Bromley Council has been urged to consider legal action in a bid to address  anti-social behaviour from rough sleepers in the borough.

Members were updated on the area’s homeless situation as winter approaches at a meeting of the Safer Bromley Partnership on Thursday.

Calvin Pearson from the authority’s housing division said eight rough sleepers were counted in the borough at the start of November – up from six in 2018 and five in 2017.

He said while the council and partnering authorities were continuing work to help homeless people get off the street, there remained a small number who “just do not wish to engage”.

Continued lack of engagement had led to some social issues, including instances of homeless people defecating in streets around the borough.

It prompted Metropolitan Police Superintendent Colin Carswell to urge the council to take stronger action.

“We surely cant have an individual defecating in the street like that,” he said, adding “there is an option of the local authority issuing a community protection notice…I’m a little bit bemused it’s not happening”.

A community protection notice (CPN) can be issued against a perpetrator of persistent antisocial behaviour.

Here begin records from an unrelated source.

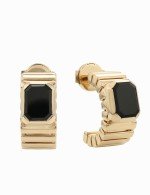 Серьги из золота 585 пробы c ониксом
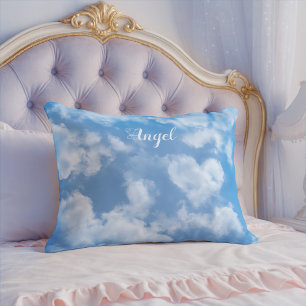 Almofada Decorativa Elegante Modelo Azul em Forma de Coração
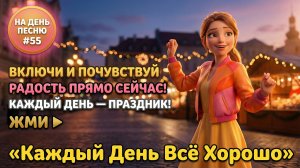 НА ДЕНЬ ПЕСНЮ #55 | Праздничная ПЕСНЯ-АФФИРМАЦИЯ на радость | "Каждый День Всё Хорошо"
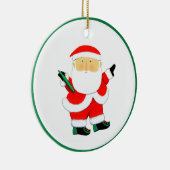 gepersonaliseerd ultimate frisbee keramisch ornament (Rechts)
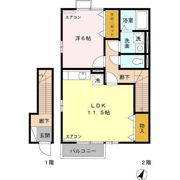 ジュン キャッスルの間取り画像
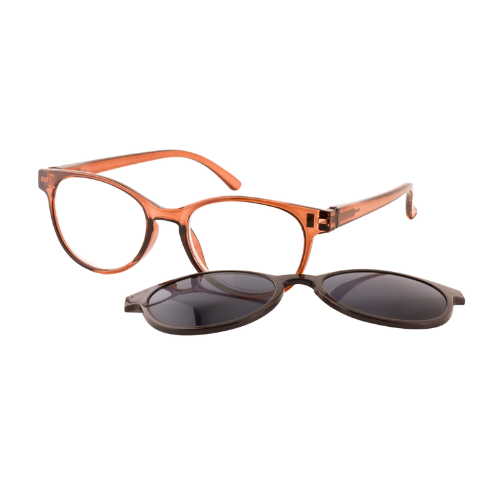Fertiglesebrille + Etui | Sunmagnet-Set-Female KLH156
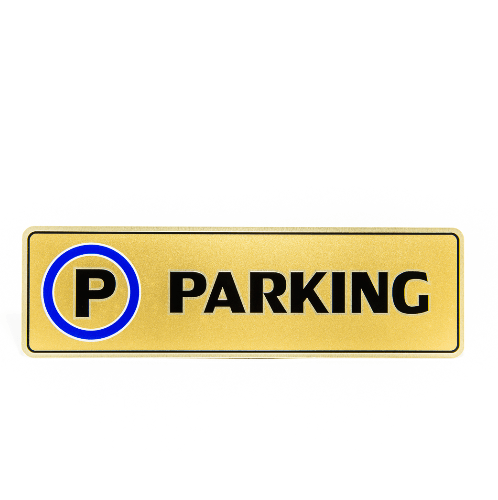 ป้ายอลูฯ SGB9101-77(PARKING สีทอง ขนาด 7.5x25 ซม.)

Failure to comply can lead to a fixed penalty notice, remedial action or a court order.

Supt Carswell said issuing notices would “force the individual into some form of legal process where they’re ordered to get help”.

“I’m not sure how it could not work because then that individual has to engage.”

He said he was “not proposing to criminalise them, but we would get them in the court system where they could be ordered”. 

Committee member Lynn Sellwood said she looked at it from a “safeguarding angle”.

“People who are living on the street are extremely vulnerable…the thought of someone living on the street dying this winter appalls me,” she told the borough, saying she backed the council exercising its “inherent jurisdiction”.

Her views were echoed by Sharon Baldwin, chair of the Bromley Safer Neighbourhood board. 

“As an affluent borough, we don’t have the same problem as inner-city London…we have to try something,” she said. 

“We can’t keep sitting at meetings like this and say we’re doing something and walk out there and keep seeing it.”